Title: A Nightmare on Elm Street 4: The Dream Master
Dir.: Renny Harlin
Producer(s): Robert Shaye, Rachel Talalay
Writer(s): Brian Helgeland, Ken and Jim Wheats (screenplay), William Kotzwinkle, Brian Helgeland (story)
Company: New Line Cinema
Starring: Robert Englund, Lisa Wilcox, Danny Hassel, Tuesday Knight, Ken Sagoes, Rodney Eastman, Andras Jones, Brooke Theiss and Toy Newkirk
I’ve seen this movie countless times.
I own it on vhs and dvd.
And this movie, I noticed it this time around, has a lot of neon lighting. Which is a thing in the horror genre, I mean, just the other day I watched Bliss on Shudder and there was TONS of it. Neon + Horror = won’t be going anywhere anytime soon.
We’re gonna talk about the 4th installment of the Nightmare on Elm Street franchise: The Dream Master.
So, Dream Master takes place after Dream Warriors, and has most of the same core teenagers from the previous film. We have a new actress (Tuesday Knight) as Kristen (prev played by Patricia Arquette) but Joey and Kincaid are also around (and they still have their abilities). They are no longer in a psychiatric hospital, living normal enough lives to just be teenagers but Kristen suspects that Krueger is not truly gone. The film evolves into Kristen eventually passing on a “power” to a new character, Alice, and fighting to save her friends. It’s directed by Renny Harlin, his first film, who will also do Die Hard 2, The Long Kiss Goodnight, Deep Blue Sea, The Covenant and countless television work.

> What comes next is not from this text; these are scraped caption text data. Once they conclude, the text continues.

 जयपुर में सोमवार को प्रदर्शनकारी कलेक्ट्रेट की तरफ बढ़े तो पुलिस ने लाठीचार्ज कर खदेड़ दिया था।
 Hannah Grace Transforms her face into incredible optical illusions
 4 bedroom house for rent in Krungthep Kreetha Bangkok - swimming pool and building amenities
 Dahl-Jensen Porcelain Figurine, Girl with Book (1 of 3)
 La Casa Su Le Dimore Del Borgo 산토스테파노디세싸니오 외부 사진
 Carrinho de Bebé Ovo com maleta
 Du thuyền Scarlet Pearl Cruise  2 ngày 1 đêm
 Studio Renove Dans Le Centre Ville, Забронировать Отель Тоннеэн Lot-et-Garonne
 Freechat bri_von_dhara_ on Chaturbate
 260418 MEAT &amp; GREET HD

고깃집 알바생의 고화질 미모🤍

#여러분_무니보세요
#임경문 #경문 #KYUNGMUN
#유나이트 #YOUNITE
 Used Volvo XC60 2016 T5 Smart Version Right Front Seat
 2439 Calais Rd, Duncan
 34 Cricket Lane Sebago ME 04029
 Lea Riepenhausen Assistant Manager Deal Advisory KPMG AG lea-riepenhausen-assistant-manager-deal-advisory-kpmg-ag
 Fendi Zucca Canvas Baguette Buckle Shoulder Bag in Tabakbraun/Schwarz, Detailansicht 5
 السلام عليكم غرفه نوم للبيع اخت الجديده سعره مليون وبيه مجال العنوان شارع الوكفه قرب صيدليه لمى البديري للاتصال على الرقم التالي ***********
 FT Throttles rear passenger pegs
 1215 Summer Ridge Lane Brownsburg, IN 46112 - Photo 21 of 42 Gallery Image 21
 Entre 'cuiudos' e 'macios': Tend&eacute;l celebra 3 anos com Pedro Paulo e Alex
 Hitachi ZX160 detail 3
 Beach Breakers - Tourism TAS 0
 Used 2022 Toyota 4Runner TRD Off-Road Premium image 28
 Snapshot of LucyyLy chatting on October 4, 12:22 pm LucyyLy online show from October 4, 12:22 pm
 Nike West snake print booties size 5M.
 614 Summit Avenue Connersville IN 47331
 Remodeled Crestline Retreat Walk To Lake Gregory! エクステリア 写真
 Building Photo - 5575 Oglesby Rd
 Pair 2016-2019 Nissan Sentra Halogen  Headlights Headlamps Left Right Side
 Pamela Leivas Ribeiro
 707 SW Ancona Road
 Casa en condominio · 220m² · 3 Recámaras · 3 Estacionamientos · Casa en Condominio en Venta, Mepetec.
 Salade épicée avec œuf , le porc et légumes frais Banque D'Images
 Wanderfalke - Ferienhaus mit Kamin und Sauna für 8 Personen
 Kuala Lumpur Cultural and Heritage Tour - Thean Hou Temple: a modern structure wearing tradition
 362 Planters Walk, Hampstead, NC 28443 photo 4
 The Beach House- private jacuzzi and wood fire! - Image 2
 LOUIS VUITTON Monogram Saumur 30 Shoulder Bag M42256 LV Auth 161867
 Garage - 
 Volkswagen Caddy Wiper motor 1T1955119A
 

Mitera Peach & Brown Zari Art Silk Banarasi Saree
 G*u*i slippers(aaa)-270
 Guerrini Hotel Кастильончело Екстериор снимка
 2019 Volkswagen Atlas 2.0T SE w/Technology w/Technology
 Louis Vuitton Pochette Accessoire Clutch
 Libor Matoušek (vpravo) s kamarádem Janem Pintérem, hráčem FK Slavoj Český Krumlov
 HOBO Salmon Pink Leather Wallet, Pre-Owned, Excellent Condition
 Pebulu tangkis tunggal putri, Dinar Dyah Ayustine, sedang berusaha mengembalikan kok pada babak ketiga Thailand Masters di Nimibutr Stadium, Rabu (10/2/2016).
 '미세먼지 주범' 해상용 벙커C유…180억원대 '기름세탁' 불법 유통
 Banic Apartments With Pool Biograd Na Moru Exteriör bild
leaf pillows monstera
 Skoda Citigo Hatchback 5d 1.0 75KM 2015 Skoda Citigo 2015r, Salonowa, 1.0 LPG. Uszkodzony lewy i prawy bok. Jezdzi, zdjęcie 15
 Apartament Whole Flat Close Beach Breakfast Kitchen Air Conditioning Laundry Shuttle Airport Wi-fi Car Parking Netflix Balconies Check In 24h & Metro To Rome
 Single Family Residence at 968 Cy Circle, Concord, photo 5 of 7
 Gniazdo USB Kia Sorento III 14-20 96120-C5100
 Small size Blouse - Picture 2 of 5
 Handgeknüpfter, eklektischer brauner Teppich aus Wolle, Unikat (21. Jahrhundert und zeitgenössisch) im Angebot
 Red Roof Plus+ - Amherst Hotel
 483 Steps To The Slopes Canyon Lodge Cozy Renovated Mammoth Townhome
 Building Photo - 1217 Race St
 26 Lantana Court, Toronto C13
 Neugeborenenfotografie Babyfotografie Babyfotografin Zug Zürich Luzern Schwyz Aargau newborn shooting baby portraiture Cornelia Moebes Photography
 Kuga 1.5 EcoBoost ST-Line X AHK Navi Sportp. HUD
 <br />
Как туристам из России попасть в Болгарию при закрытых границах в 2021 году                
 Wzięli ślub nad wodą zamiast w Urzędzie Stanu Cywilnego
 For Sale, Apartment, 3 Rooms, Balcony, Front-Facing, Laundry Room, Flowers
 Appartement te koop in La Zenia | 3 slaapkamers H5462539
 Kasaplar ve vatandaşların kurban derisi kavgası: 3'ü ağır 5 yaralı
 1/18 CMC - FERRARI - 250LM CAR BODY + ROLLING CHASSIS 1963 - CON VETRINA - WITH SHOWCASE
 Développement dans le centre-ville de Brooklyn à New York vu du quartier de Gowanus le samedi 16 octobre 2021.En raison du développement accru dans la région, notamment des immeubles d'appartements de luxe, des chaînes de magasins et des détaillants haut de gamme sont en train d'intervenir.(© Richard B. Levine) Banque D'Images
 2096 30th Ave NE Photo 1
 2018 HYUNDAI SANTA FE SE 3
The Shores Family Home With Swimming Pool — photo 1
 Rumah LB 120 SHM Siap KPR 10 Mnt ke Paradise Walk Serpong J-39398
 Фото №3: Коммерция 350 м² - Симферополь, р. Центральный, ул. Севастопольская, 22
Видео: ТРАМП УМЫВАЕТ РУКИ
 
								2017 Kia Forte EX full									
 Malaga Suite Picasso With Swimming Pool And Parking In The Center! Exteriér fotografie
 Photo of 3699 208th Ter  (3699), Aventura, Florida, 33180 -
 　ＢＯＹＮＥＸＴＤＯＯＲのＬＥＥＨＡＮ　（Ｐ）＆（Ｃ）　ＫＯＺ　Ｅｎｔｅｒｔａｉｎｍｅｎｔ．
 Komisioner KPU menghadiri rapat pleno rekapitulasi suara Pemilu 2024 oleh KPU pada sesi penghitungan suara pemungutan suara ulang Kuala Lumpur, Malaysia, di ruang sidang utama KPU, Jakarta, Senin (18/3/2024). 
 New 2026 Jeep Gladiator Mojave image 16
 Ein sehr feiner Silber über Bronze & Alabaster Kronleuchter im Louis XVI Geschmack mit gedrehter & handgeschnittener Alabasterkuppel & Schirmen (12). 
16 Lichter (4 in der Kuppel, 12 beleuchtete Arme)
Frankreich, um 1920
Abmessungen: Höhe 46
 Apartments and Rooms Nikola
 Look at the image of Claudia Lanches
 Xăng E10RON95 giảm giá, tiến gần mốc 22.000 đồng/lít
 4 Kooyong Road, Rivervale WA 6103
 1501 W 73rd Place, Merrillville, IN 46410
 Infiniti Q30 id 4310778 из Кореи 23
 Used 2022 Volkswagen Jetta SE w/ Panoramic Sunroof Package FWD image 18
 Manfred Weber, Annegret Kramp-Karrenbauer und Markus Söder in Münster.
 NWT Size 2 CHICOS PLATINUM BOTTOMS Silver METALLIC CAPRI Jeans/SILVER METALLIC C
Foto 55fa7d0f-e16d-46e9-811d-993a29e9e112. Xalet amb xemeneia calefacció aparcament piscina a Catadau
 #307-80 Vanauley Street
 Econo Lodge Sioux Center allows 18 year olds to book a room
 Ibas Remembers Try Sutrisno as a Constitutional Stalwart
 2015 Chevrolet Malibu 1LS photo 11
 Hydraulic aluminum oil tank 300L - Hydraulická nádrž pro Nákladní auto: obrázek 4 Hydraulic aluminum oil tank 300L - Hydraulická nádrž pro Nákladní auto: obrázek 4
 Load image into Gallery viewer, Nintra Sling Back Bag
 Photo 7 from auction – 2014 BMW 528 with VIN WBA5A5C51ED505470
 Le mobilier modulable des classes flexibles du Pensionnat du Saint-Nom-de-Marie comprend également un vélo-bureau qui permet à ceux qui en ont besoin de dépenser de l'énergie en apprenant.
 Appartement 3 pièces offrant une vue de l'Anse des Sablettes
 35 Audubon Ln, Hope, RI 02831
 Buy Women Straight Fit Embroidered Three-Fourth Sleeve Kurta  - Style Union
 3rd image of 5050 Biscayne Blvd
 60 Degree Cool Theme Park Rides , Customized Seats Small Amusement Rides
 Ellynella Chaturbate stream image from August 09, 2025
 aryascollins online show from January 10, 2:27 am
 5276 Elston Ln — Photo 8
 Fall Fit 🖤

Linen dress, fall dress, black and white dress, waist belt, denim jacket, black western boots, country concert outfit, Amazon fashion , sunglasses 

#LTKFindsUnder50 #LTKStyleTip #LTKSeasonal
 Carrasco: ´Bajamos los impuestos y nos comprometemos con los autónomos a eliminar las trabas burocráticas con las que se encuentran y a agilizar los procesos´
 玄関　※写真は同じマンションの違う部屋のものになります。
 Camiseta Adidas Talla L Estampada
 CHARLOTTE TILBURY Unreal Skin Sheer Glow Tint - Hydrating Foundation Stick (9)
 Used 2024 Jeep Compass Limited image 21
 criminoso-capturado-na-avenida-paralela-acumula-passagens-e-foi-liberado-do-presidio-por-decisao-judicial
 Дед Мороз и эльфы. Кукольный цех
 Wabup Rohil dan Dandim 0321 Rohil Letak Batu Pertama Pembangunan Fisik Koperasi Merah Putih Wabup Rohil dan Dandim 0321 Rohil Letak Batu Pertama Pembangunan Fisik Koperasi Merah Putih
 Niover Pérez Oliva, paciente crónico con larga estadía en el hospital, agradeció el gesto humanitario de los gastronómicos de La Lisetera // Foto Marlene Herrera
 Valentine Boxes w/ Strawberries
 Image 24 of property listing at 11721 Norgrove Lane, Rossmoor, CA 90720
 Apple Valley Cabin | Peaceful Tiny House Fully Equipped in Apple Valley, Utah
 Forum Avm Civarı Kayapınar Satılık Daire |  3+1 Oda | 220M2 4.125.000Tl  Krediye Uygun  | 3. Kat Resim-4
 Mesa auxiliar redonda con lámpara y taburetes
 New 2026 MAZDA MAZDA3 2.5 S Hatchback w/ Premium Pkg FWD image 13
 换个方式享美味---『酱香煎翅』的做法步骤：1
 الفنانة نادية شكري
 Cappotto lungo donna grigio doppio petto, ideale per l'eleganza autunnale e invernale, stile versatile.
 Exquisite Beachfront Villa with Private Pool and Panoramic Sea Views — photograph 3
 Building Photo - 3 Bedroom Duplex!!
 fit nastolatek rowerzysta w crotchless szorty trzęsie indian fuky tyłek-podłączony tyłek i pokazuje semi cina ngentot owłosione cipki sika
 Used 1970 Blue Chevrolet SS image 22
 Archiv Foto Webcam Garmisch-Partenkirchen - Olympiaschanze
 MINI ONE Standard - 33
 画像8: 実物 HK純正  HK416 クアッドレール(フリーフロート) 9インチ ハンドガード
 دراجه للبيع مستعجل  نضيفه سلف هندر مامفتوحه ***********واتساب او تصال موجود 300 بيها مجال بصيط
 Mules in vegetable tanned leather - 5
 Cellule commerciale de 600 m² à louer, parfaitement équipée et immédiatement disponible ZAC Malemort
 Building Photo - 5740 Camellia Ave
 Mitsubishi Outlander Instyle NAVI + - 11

Now personally speaking, I don’t mind Dream Master. I like the “dream” trilogy (Warriors, Master, Child), gives us more lore about Freddy but how the town is just sort of trapped in this ongoing cycle of just terror when teenagers begin to remember him. The movies seem to suggest that there is a lull of normalcy, silence and things turn back to being something comfortable and somehow someone remembers something and boom, he comes back. It kinda reminds me of a potential script that was written for a Nightmare on Elm Street featuring the kids of Springwood not remembering Freddy at all and more or less taking advantage of him. I believe Peter Jackson wrote it… or it was a treatment.
Like I mentioned before, the movie uses a lot of neon lighting, a lot of reds and greens. Actually, the lightning in general is pretty cool in my opinion. I’m thinking of the opening credits with the 1408 house lit up like it’s glowing, or when we see the claw marks on the lockers and it’s glowing as well, that red neon. Alice fighting Freddy at the end, again, more neon coloring. Alice and Dan trapped and the stained glass window motif, Debbie trapped in a roach motel… I can go on and on about this MTV era Nightmare.
The dream sequences are cool, I kinda prefer Warriors and even Dream Child over the dream sequences in this film. The other two are more groundbreaking and unique. The only one that I do like is of course Debbie’s death and turning into a cockroach and then she’s squished. Probably one of the best in the franchise.
Cinematography is cool, nothing too special but interesting camera angles, settings, background work. The script is alright, the acting is alright, not on the same level as the original or even Dream Warriors but it’s not a bad movie at all. It’s fun, cool, the kills are great, not a whole lot of gore, it’s mostly fantasy gore but it works for the “MTV era” of the franchise.